Business Today

How we arrived at the BT 500

This is the 16th edition of the BT 500 list and with each year there has been value addition to the list in terms of data and various other parameters used to judge the value of a company.

Print Edition: November 30 2008

This is the 16th edition of the BT 500 list and with each year there has been value addition to the list in terms of data and various other parameters used to judge the value of a company. This year, we have considered the first seven months between April and October 2008 for calculating the market capitalisation instead of the six-month period to September, as has been the practice in the past.

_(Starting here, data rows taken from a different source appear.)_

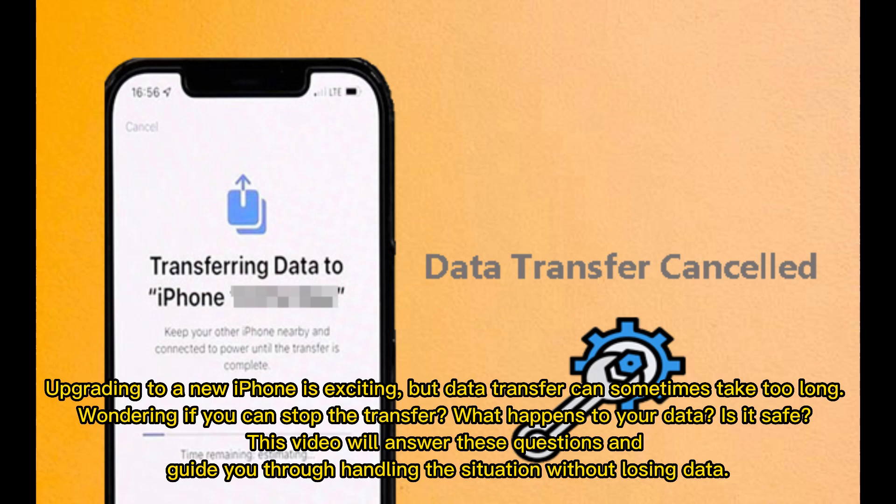Upgrading to a new iPhone is exciting, but data transfer can sometimes take too long. Wondering if you can stop the transfer? What happens to your data? Is it safe? This video will answer these questions and guide you through handling the situation without losing data.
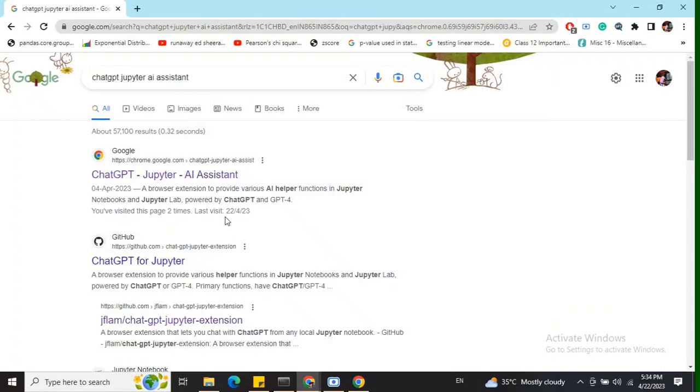Hi everyone, today we'll be talking about one of the most interesting ChatGPT Chrome extensions I found recently: ChatGPT Jupyter AI Assistant.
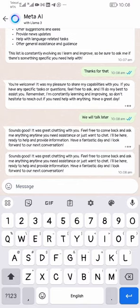Mind you, it doesn't work on WhatsApp Business — it only works on WhatsApp Messenger. So if you want to enjoy this feature, you have to use WhatsApp Messenger.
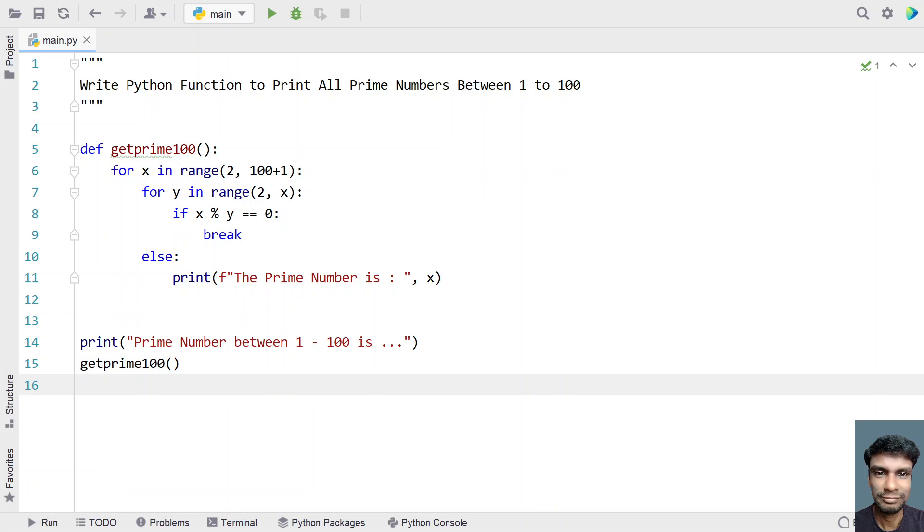This is a complete program to print all the prime numbers between 1 to 100. I'll give this code in the description of this video. That's it in this video. Hope you liked it. Thank you for watching. Bye.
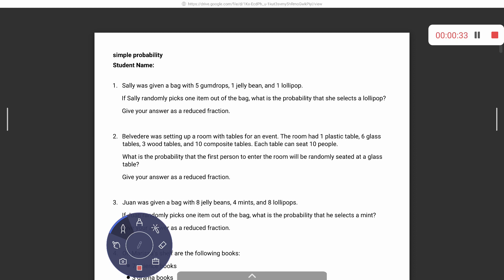Remember, with probability the first thing you need to do is find the total. So you have five gumdrops, one jelly bean, one lollipop — that means seven is my total. We just want a lollipop, and there's just one, so you have a one out of seven chance. Since one is the numerator, it is already simplified, so one-seventh is your final answer.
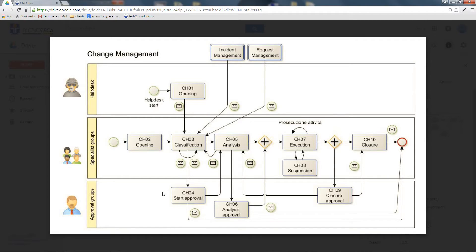Being a change — a workflow designed for use by technical staff only — that approval will never be executed through the portal but only from the CMDBILD application. Furthermore, some approvals may be required according to the same rules before performing the analysis and the closure step. When the closure is rejected, the group which performed the execution will go back to the analysis step; otherwise it will reach the process closure.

The reason for extending the period by a month this time around has been the sharp fall in stock prices in October.

The ranking is based on the average market capitalistion for the seven months ended October 2008 and the 2007 ranking is also based on same period. The ranking of companies of last year’s edition will not be same as mentioned in this edition for last year. In this year’s study, we have also included return on net worth (RONW)— instead of return on total assets (ROTA)— and Earning Per Share (EPS) to give a better understanding of a company’s performance. We have also provided the second quarter results for the current year along with the financial data on each company.

How we did it
To arrive at the list of India’s most valuable companies, BT relied on the Center for Monitoring Indian Economy’s (CMIE’s) Corporate Database Prowess. Initially, 4,925 companies listed on BSE were included in the list. From this, public sector banks and companies were excluded as there is a separate list (page 118) for the state-run companies. Following this, 4,831 companies were considered. From this list, companies whose shares were traded between April 1 and October 31, 2008 were included; 3,100 companies made the cut. After that only those companies were included in the top 1,000 list that were traded for at least 20 per cent of the number of trading days (145 days) for the period under study. KGN Industries, whose stock price surged to record price of Rs 55,000, was excluded based on this criterion; Centurion Bank of Punjab was included despite it being delisted in June following the merger with HDFC Bank. After identifying the list of companies, they were ranked based on their average market capitalisation for the April-October 2008 period.

Financial parameters
Other than market capitalisation, we have also looked at sales, net profit, return on net worth, return on capital employed, earning per share and net profit margin (net profit as per cent of sales). For all the companies, the financial year ended March 2008 has been considered; standalone numbers included, except for Cairn India as standalone numbers had negligible operating revenues. Where there are exceptions, a footnote is mentioned.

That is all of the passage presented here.